▶ **Source data**:
-=-=-

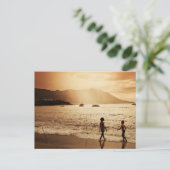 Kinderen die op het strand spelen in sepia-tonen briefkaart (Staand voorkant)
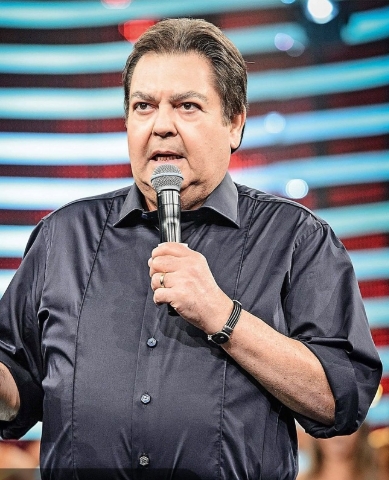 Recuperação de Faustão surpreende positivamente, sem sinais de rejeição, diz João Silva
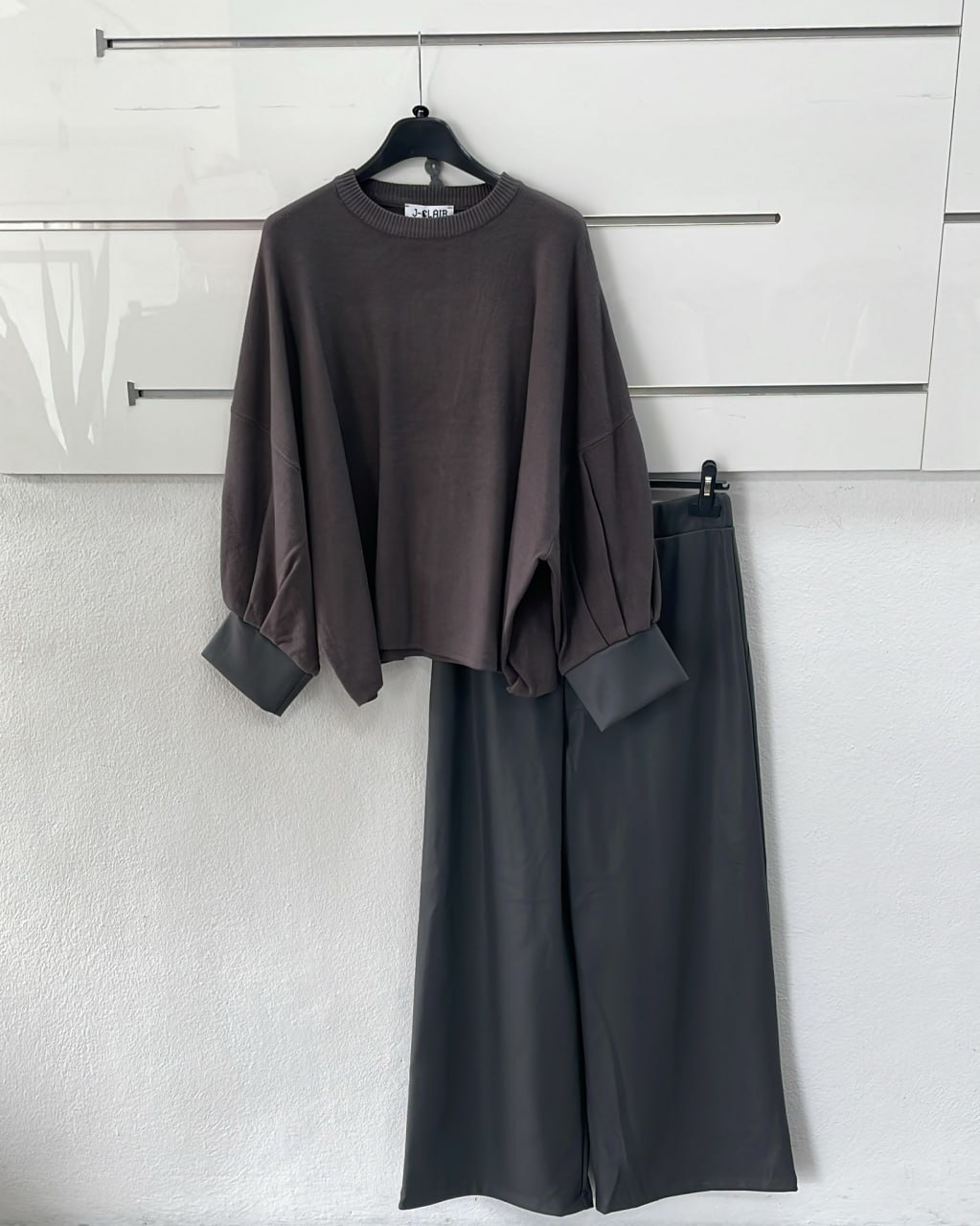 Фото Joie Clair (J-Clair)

-=-=-

▶ **Try it**: With the pictures excluded, retype exactly the lines from the one containing "Recuperação de Faustão" through the last line of the listing, both ends included.

▶ **Response to this exercise**:
 Recuperação de Faustão surpreende positivamente, sem sinais de rejeição, diz João Silva
 Фото Joie Clair (J-Clair)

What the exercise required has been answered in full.